→ **Instructions for the task**
What is needed is an exact reproduction of the lines from the one that contains "a bathroom with a tub sink and vanity" through the end of the data, both included and nothing else, with pictures omitted.

→ **Input data**
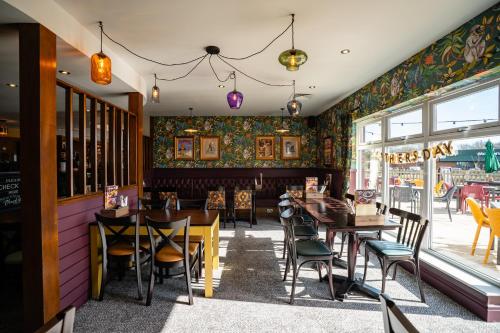 a dining room with tables and chairs and a window at The Aviator, formerly Smugglers Cove, Clacton On Sea by Marston's Inns in Clacton-on-Sea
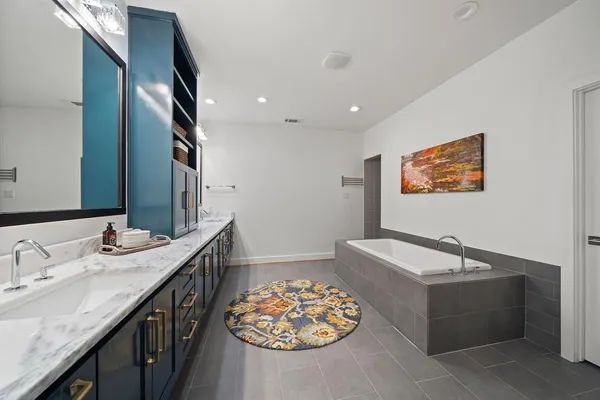 a bathroom with a tub sink and vanity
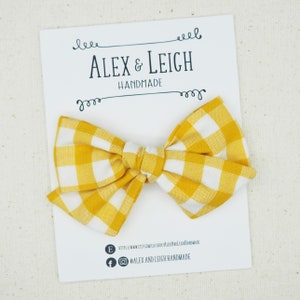 May include: A yellow and white gingham bow with a white card that says "Alex & Leigh Handmade" and includes their website and social media handles.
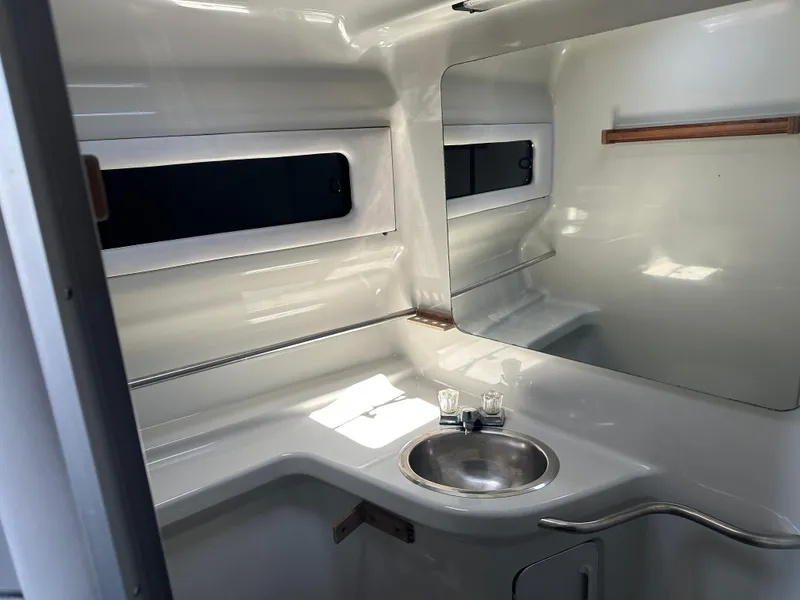 Slide: The Image of 1990 Sea Ray 310 Sundancer bathroom with sink, mirror, and sleek white interior. - 33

→ **Task response**
 a bathroom with a tub sink and vanity
 May include: A yellow and white gingham bow with a white card that says "Alex & Leigh Handmade" and includes their website and social media handles.
 Slide: The Image of 1990 Sea Ray 310 Sundancer bathroom with sink, mirror, and sleek white interior. - 33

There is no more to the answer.